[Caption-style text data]
•••••

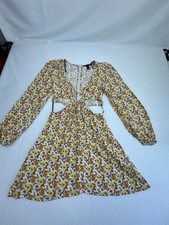 Forever 21 Floral Long Sleeve Cutout Mini Dress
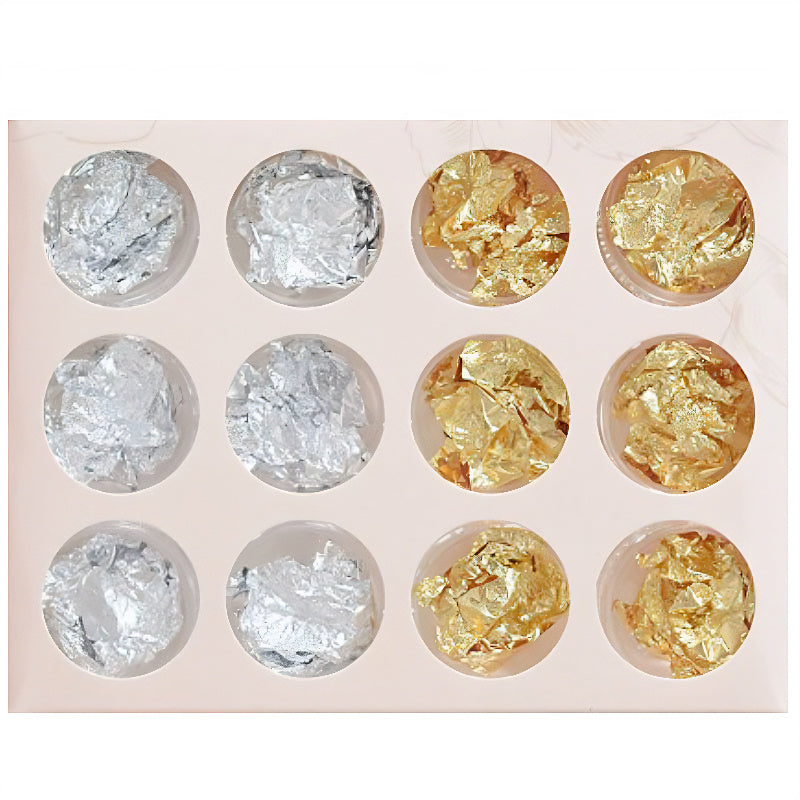 12 Pot Silver &amp; Gold Metallic Flake Set RS2035 image 0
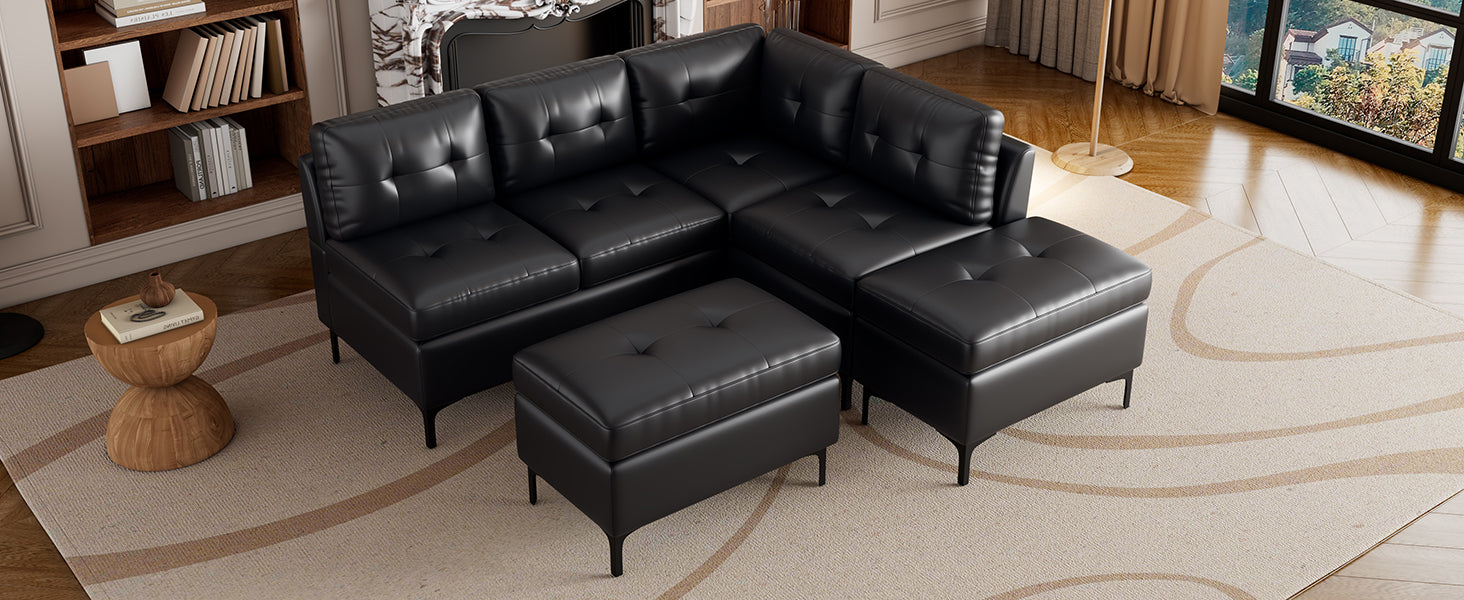 Sofa & Chair sets | L-Shaped Corner Sofa Pu Leather Sectional Sofa Couch with Movable Storage Ottomans for Living Room, Black | casafoyer.myshopify.com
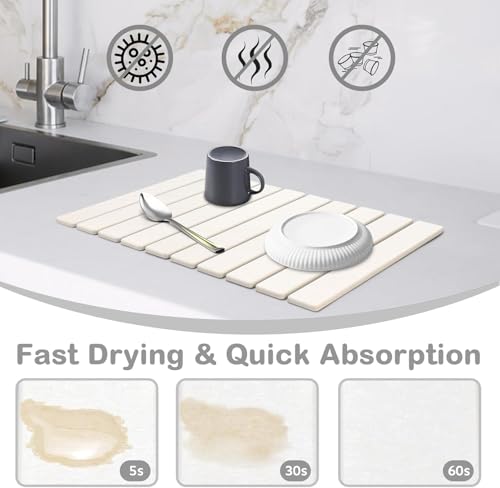 Large Stone Dish Drying Mat for Kitchen Counter, 24"(L)×16"(W), Collapsible Quick Drying Mat, Absorbent Eco-Friendly Diatomaceous Earth Mats for Dishes Bottles and Match Any Countertop【White】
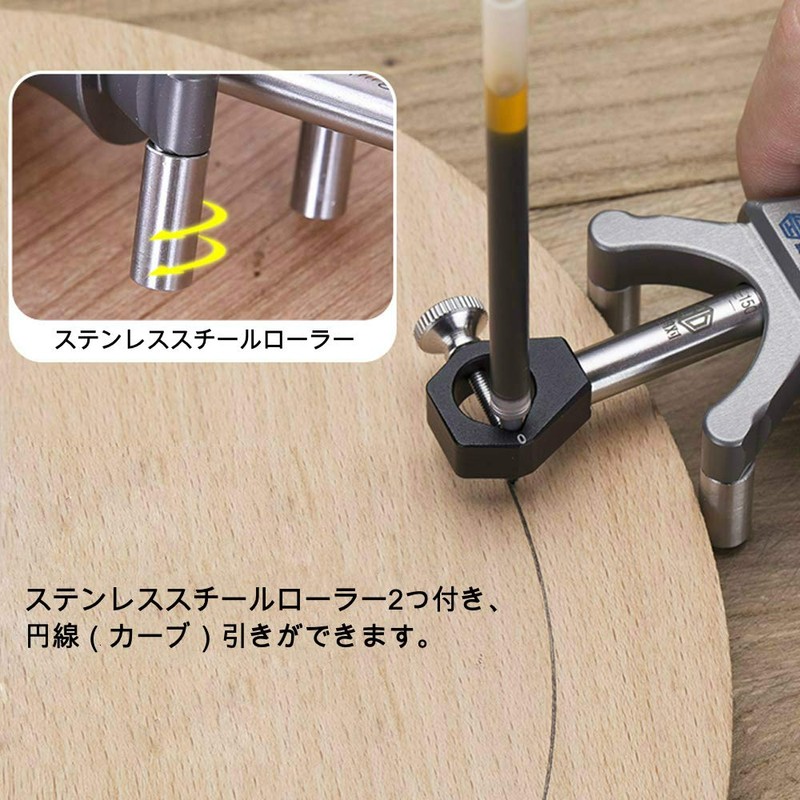 CarAngels New Model Woodworking Scribing Gauge for Arc, Straight Line,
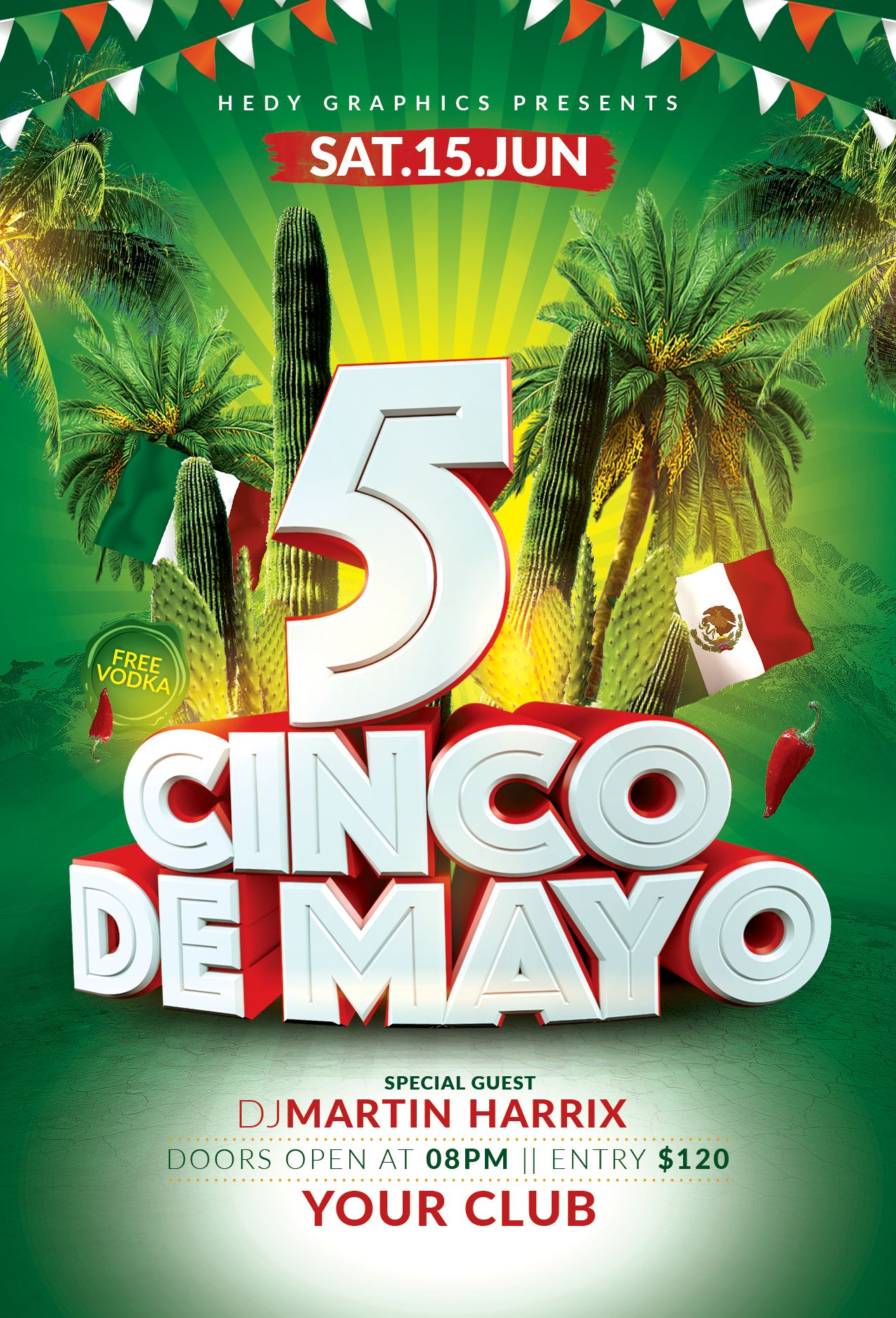 Cinco de Mayo Flyer Template by HedyGraphics Codester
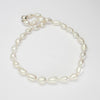 White Baroque Cultured river pearl necklace with round magnetic clasp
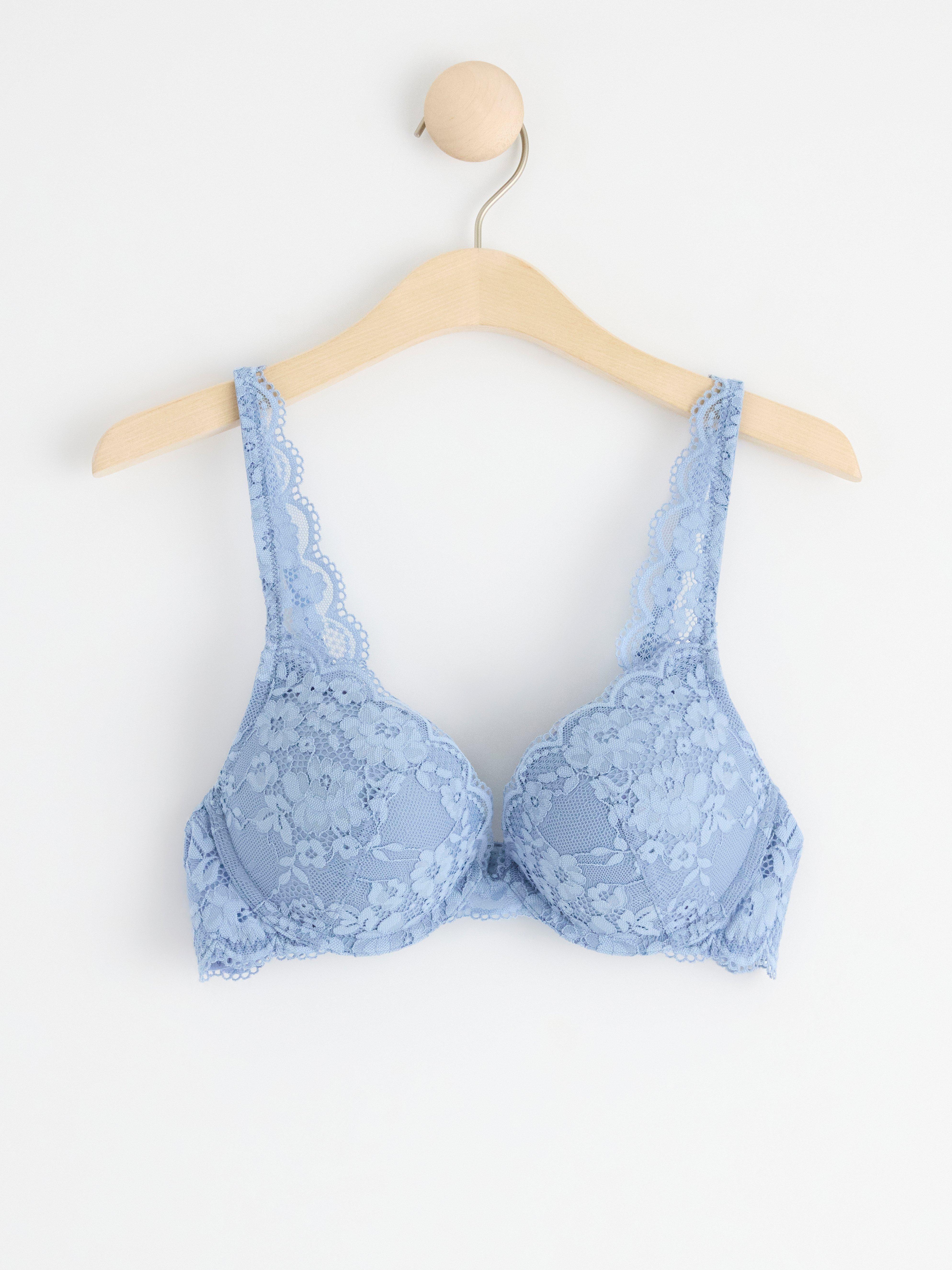 Malva push-up bra with lace Light Blue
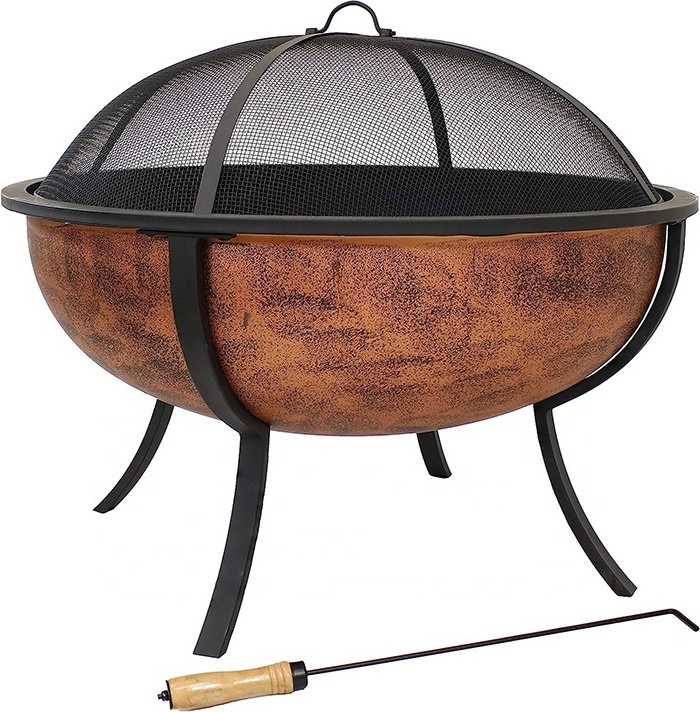 32-Inch Steel Fire Pit Bowl Includes Spark Screen Wood Grate Poker High-Temperature Copper Surface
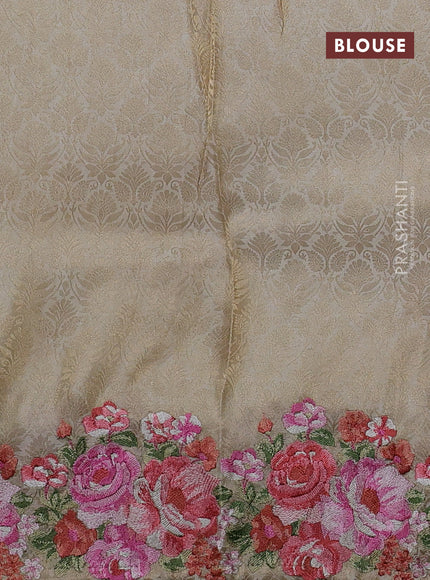 Banarasi silk saree beige with allover geometric zari weaves and floral design embroidery border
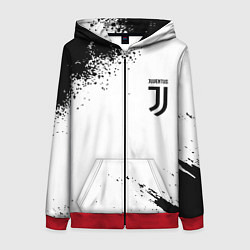 Толстовка на молнии женская Juventus sport color black, цвет: 3D-красный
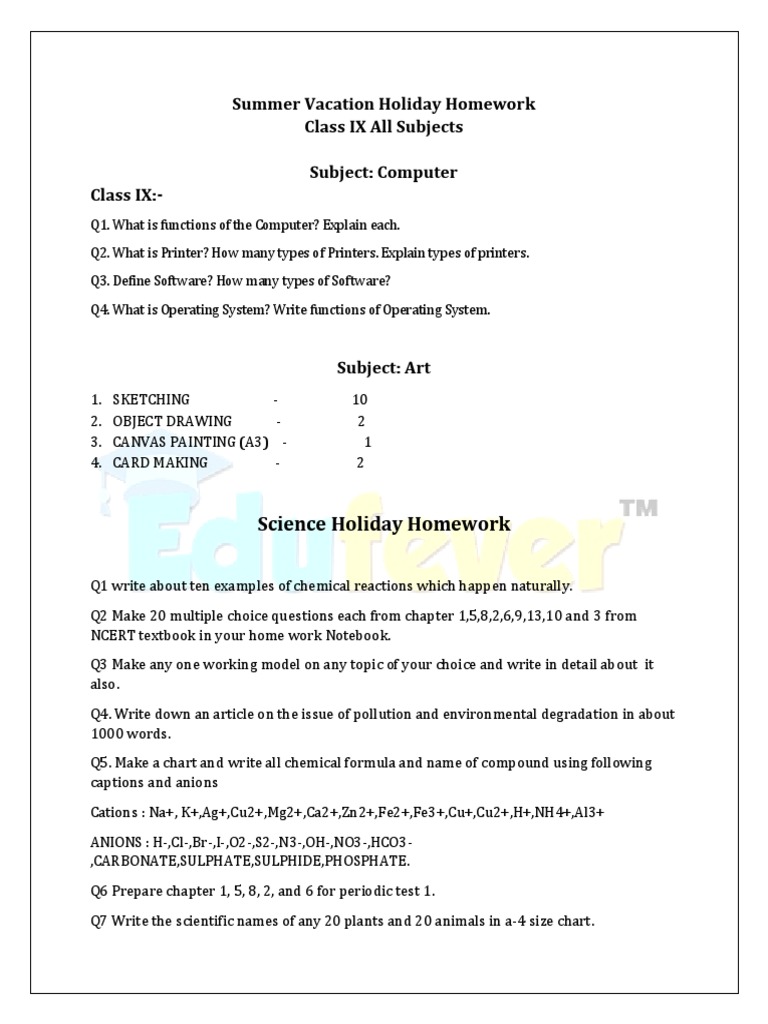 Class 9 Summer Vacation Homework Guide | PDF | Chemistry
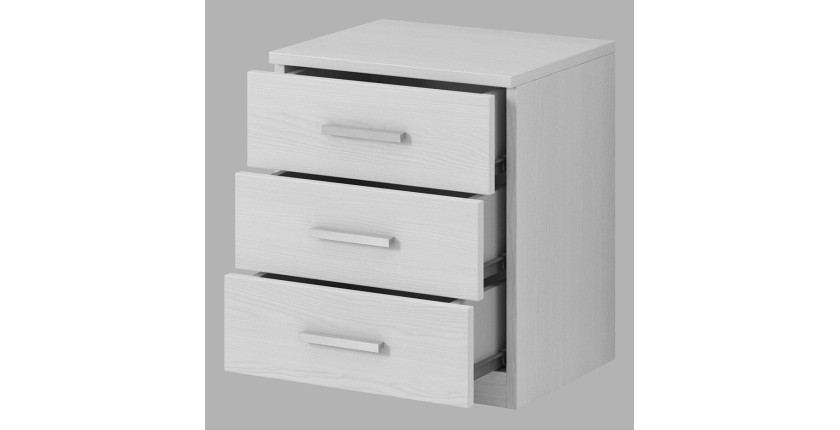 Chambre à coucher FLOYD : Armoire 220cm, Lit 180x200, commode, chevets. Coloris blanc effet bois.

•••••

• _Task statement_:
Retype, without any picture, exactly the lines from the one with "CarAngels New Model" through the end of the entries, inclusive.

• _Result for this exercise_:
 CarAngels New Model Woodworking Scribing Gauge for Arc, Straight Line,
 Cinco de Mayo Flyer Template by HedyGraphics Codester
 White Baroque Cultured river pearl necklace with round magnetic clasp
 Malva push-up bra with lace Light Blue
 32-Inch Steel Fire Pit Bowl Includes Spark Screen Wood Grate Poker High-Temperature Copper Surface
 Banarasi silk saree beige with allover geometric zari weaves and floral design embroidery border
 Толстовка на молнии женская Juventus sport color black, цвет: 3D-красный
 Class 9 Summer Vacation Homework Guide | PDF | Chemistry
 Chambre à coucher FLOYD : Armoire 220cm, Lit 180x200, commode, chevets. Coloris blanc effet bois.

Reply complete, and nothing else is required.